In more detail, the following changes can be found in the update:
1. Restructured introduction to improve readability and argumentation for this 
draft
2. Addressing IETF115 comments in various parts of the draft, e.g.,  
introduction, analysis (relation to other technologies), traffic steering 
(relation to anycast) etc
3. Added six new use cases (mobile applications - Section 3.4, chunk  retrieval 
- Section 3.5, AR/VR - Section 3.6, Cloud-to-Thing - Section 3.7, Metaverse - 
Section 3.8, and popularity-based services - Section 3.9)
4. Added separate analysis section, as derived from use cases (Section 4)
5. Revised and linked requirements to use cases through additional text 
(Section 5)
6. Discussed possible benefits from applying ROSA in identified use cases 
(Section 6)
7. Revised ROSA messages figure (Figure 2) 
8. Added section on possible extended capabilities to 'base' ROSA (Section 8), 
including multi-homing support, namespace support.
9. Added and maintaining open issues (Section 10)
10.  Added missing sections, like conclusions (Section 11) and privacy  
considerations (Section 13)

We would welcome any comments and thoughts on this work, its motivation and 
argumentation as well as possible ways forward. Any interest for contribution 
is also very welcome.

We plan on capturing any inputs into a possible update before IETF116 and would 
very much like to present this work for discussion in the RTGWG when we will 
meet at IETF116. We are also looking into demonstrating aspects of ROSA at the 
IETF; happy to receive any interest in such demonstration.

Best,

Dirk

-----Original Message-----
From: [email protected] <[email protected]> 
Sent: 02 February 2023 14:27
To: Luis M. Contreras <[email protected]>; Daniel 
Huang <[email protected]>; Dirk Trossen <[email protected]>; 
Jens Finkhaeuser <[email protected]>; Luis Contreras 
<[email protected]>; Paulo Mendes 
<[email protected]>
Subject: New Version Notification for draft-trossen-rtgwg-rosa-01.txt


A new version of I-D, draft-trossen-rtgwg-rosa-01.txt has been successfully 
submitted by Dirk Trossen and posted to the IETF repository.

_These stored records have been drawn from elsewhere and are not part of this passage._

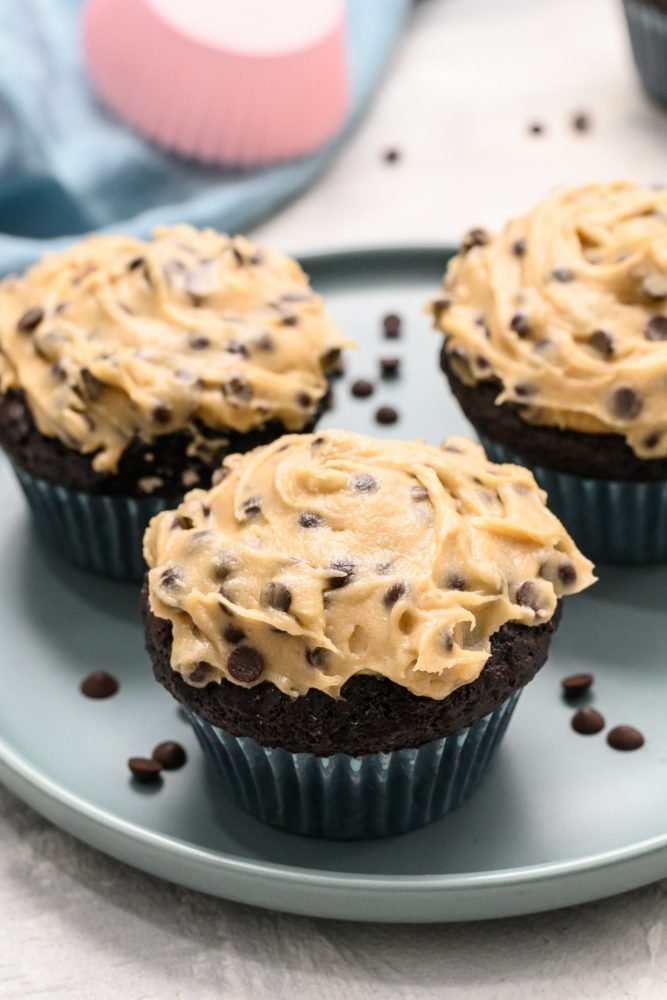 Chocolate cupcakes with cookie dough frosting on a plate.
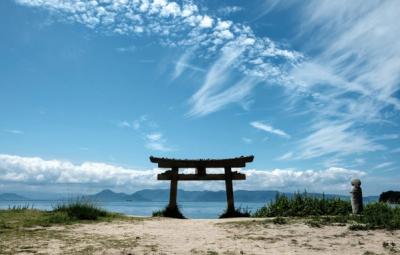 Torii Gate in Japan near the ocean with islands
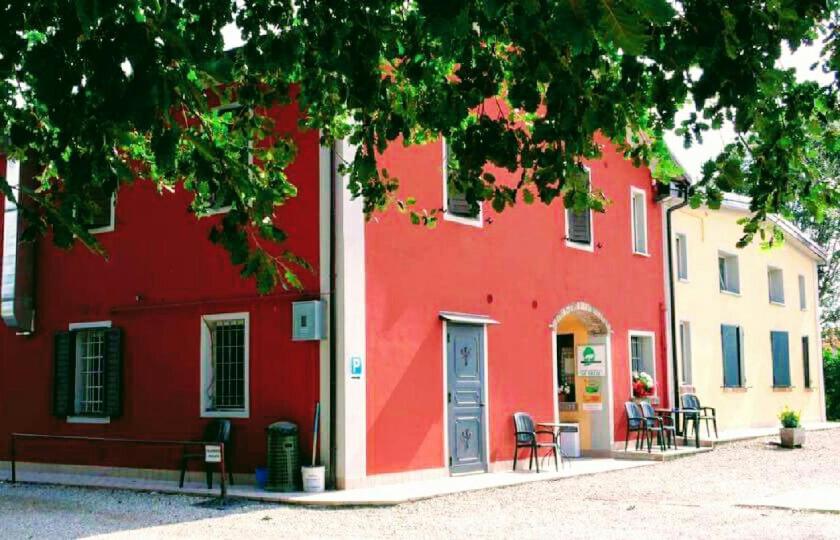 un edificio rojo con sillas y una mesa frente a él en Agriturismo Le Gazze, en Camposanto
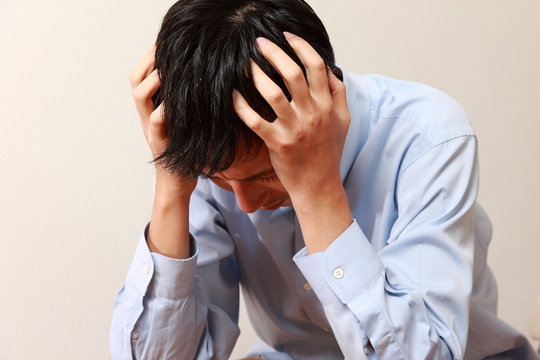 頭を抱える男性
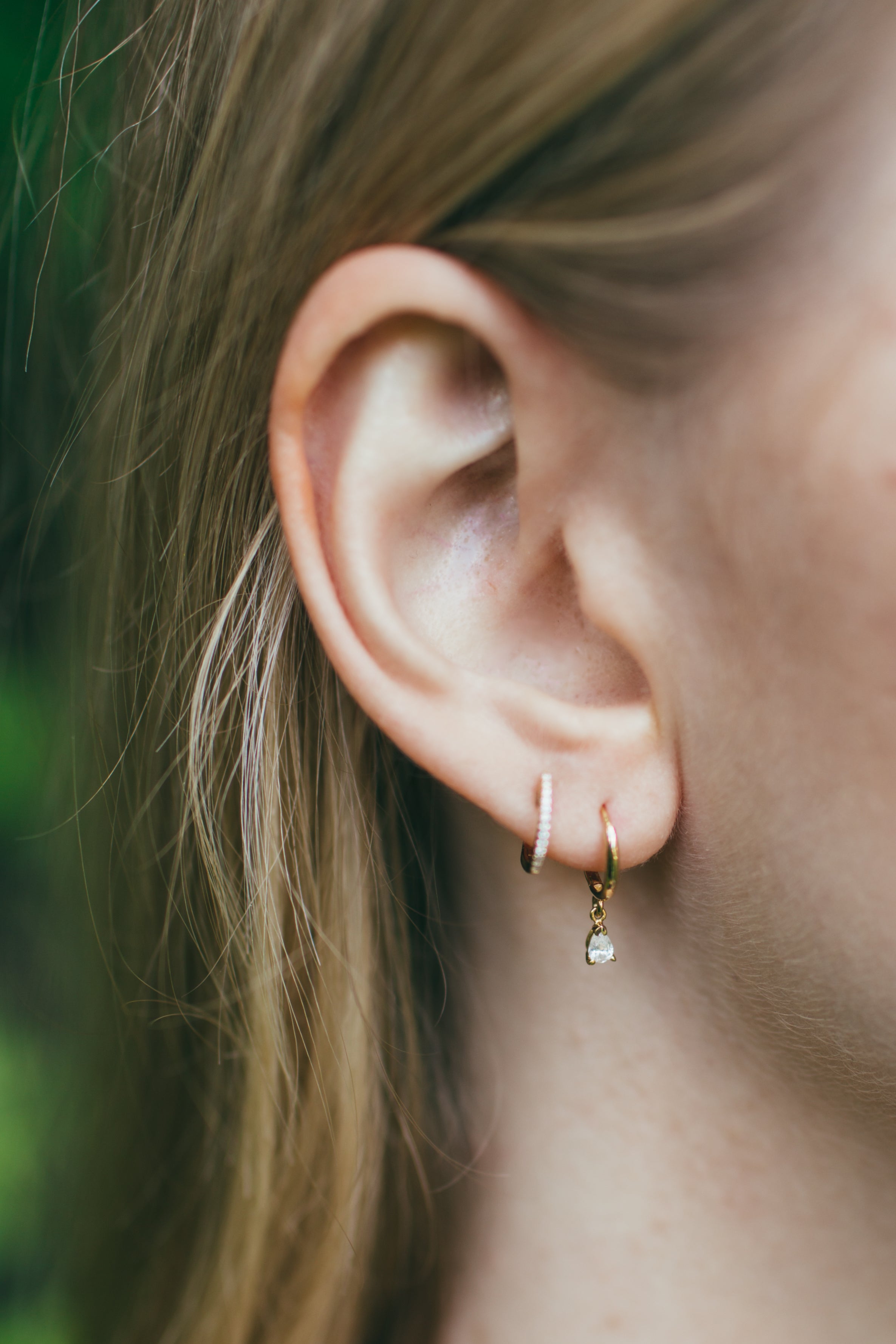 close up of girls ear wearing dangling pear diamond huggies and pave diamond huggies 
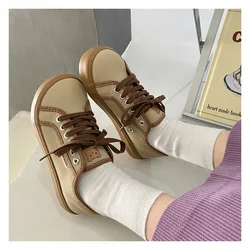 2024 meninas branco marrom claro tênisdesigner sapatos de lona feminino baixo topo tênis dedo do pé largo rendas até formadores sapatos confortáveis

Name:           draft-trossen-rtgwg-rosa
Revision:       01
Title:          Routing on Service Addresses
Document date:  2023-02-02
Group:          Individual Submission
Pages:          53
URL:            https://www.ietf.org/archive/id/draft-trossen-rtgwg-rosa-01.txt
Status:         https://datatracker.ietf.org/doc/draft-trossen-rtgwg-rosa/
Htmlized:       https://datatracker.ietf.org/doc/html/draft-trossen-rtgwg-rosa
Diff:           
https://author-tools.ietf.org/iddiff?url2=draft-trossen-rtgwg-rosa-01

Abstract:
   This document proposes a novel communication approach which reasons
   about WHAT is being communicated (and invoked) instead of WHO is
   communicating.  Such approach is meant to transition away from
   locator-based addressing (and thus routing and forwarding) to an
   addressing scheme where the address semantics relate to services
   being invoked (e.g., for computational processes, and their generated
   information requests and responses).

   The document introduces Routing on Service Addresses (ROSA), as a
   realization of what is referred to as 'service-based routing' (SBR),
   to replace the usual DNS+IP sequence, i.e., the off-path discovery of
   a service name to an IP locator mapping, through an on-path discovery
   with in-band data transfer to a suitable service instance location
   for a selected set of services, not all Internet-based services.

   SBR is designed to be constrained by service-specific parameters that
   go beyond load and latency, as in today's best effort or traffic
   engineering based routing, leading to an approach to steer traffic in
   a service-specific constraint-based manner.

   Particularly, this document outlines sample ROSA use case scenarios,
   requirements for its design, and the ROSA system design itself.